El expresidente de Coca Cola, Bryan Dyson nos propuso los pasos para desarrollar la técnica estrella que nos permite jugar nuestras cartas y, a la vez, mantener el equilibrio de nuestras bolas en el aire.  Sus palabras son maravillosas:

  • No disminuyan su propio valor comparándose con otros.
    Es porque somos todos diferentes que cada uno de nosotros es especial.
  • No fijen sus objetivos en razón de lo que otros consideran importante.
    Solo ustedes están en condiciones de elegir lo que es mejor para ustedes.
  • No den por supuestas las cosas más queridas por su corazón.
    Apéguense a ellas como a la vida misma; porque sin ellas la vida carece de sentido.
  • No dejen que la vida se les escurra entre los dedos por vivir en el pasado o para el futuro.
    Si viven un día a la vez, vivirán TODOS los días de su vida.
  • No abandonen cuando todavía son capaces de un esfuerzo más.
    Nada termina hasta el momento en que uno deja de intentar.
  • No teman admitir que no son perfectos. Ese es el frágil hilo que nos mantiene unidos.
  • No teman enfrentar riesgos. Es corriendo riesgos que aprendemos a ser valientes.
  • No excluyan de sus vidas al amor diciendo que no se lo puede encontrar.
    La mejor forma de recibir amor es darlo; la forma más rápida de quedarse sin amor es aferrarlo demasiado; y la mejor forma de mantener el amor el darle alas.
  • No corran tanto por la vida que lleguen a olvidar no solo donde han estado sino también a dónde van.
  • No olviden que la mayor necesidad emocional de una persona es la de sentirse apreciado.
  • No teman aprender. El conocimiento es liviano, es un tesoro que se lleva fácilmente.
  • No usen imprudentemente el tiempo o las palabras. No se pueden recuperar.
  • La vida no es una carrera, sino un viaje que debe ser disfrutado a cada paso.

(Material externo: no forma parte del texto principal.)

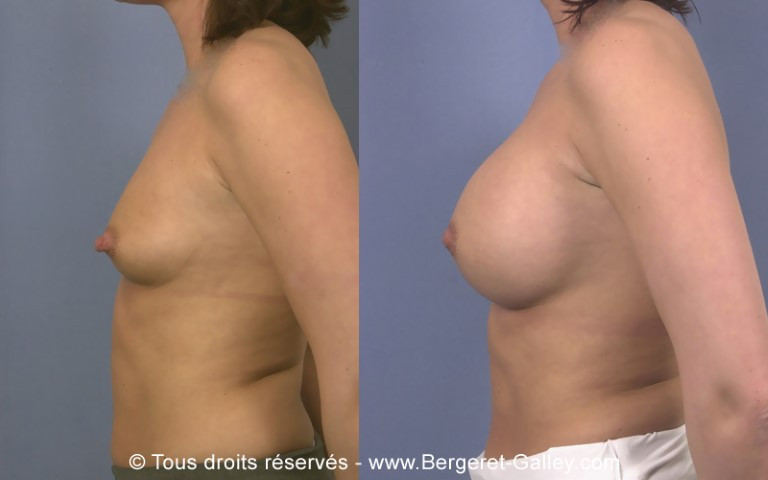 Résultat augmentation mammaire avec des prothèses 350ml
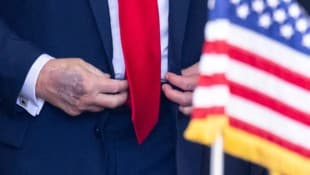 Die mysteriösen Hauterscheinungen an Trumps Händen waren schon oft Thema – und ließen über ...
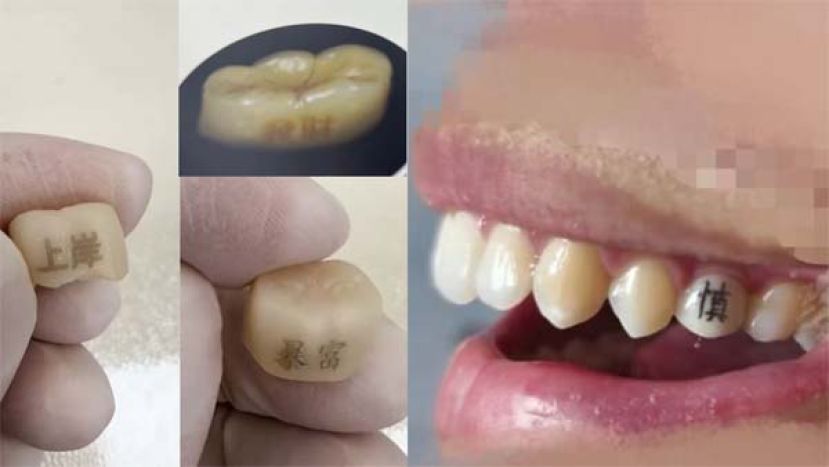 牙齿也能刻字？“发财”“上岸”最受欢迎。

El Ayer es historia, el Mañana es Misterio y el Hoy es un regalo: por eso se le llama… el Presente.

La vida es un juego colmado de poderosas enseñanzas, grandes palabras y principios por los que actuar día a día. Hay millones de cosas por disfrutar y sentir, millones de sonrisas que destapar y miles de millones de carcajadas que soltar. Agotemos nuestras ganas porque nunca es tarde, no dejemos que suene la campanada que finaliza nuestra partida sin antes haber jugado.